- [Task to complete]
Reproduce the entries below in full, word for word.

- [Source data]
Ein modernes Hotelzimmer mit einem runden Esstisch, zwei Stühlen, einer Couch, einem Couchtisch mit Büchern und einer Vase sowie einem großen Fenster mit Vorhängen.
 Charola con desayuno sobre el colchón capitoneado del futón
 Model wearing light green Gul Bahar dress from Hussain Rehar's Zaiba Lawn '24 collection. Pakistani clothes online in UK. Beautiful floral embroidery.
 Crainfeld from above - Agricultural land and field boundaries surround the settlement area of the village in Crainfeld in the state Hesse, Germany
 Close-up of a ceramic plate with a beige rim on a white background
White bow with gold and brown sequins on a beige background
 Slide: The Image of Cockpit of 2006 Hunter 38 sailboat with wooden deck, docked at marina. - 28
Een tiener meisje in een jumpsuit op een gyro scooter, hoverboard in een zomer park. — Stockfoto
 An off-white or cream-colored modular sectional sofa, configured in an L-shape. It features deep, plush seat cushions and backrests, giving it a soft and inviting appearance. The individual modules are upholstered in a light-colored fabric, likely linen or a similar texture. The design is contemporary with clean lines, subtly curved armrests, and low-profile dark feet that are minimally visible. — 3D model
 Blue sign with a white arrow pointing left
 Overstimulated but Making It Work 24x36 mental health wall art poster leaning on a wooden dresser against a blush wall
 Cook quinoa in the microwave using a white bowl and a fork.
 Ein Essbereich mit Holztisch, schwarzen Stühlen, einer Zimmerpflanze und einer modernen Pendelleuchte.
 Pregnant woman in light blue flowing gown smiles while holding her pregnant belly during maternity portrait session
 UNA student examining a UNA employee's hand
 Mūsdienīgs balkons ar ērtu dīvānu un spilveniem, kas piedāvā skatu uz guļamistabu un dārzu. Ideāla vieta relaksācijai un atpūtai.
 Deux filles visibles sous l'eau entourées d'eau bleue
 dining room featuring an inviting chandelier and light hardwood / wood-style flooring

- [Solution]
Ein modernes Hotelzimmer mit einem runden Esstisch, zwei Stühlen, einer Couch, einem Couchtisch mit Büchern und einer Vase sowie einem großen Fenster mit Vorhängen.
 Charola con desayuno sobre el colchón capitoneado del futón
 Model wearing light green Gul Bahar dress from Hussain Rehar's Zaiba Lawn '24 collection. Pakistani clothes online in UK. Beautiful floral embroidery.
 Crainfeld from above - Agricultural land and field boundaries surround the settlement area of the village in Crainfeld in the state Hesse, Germany
 Close-up of a ceramic plate with a beige rim on a white background
White bow with gold and brown sequins on a beige background
 Slide: The Image of Cockpit of 2006 Hunter 38 sailboat with wooden deck, docked at marina. - 28
Een tiener meisje in een jumpsuit op een gyro scooter, hoverboard in een zomer park. — Stockfoto
 An off-white or cream-colored modular sectional sofa, configured in an L-shape. It features deep, plush seat cushions and backrests, giving it a soft and inviting appearance. The individual modules are upholstered in a light-colored fabric, likely linen or a similar texture. The design is contemporary with clean lines, subtly curved armrests, and low-profile dark feet that are minimally visible. — 3D model
 Blue sign with a white arrow pointing left
 Overstimulated but Making It Work 24x36 mental health wall art poster leaning on a wooden dresser against a blush wall
 Cook quinoa in the microwave using a white bowl and a fork.
 Ein Essbereich mit Holztisch, schwarzen Stühlen, einer Zimmerpflanze und einer modernen Pendelleuchte.
 Pregnant woman in light blue flowing gown smiles while holding her pregnant belly during maternity portrait session
 UNA student examining a UNA employee's hand
 Mūsdienīgs balkons ar ērtu dīvānu un spilveniem, kas piedāvā skatu uz guļamistabu un dārzu. Ideāla vieta relaksācijai un atpūtai.
 Deux filles visibles sous l'eau entourées d'eau bleue
 dining room featuring an inviting chandelier and light hardwood / wood-style flooring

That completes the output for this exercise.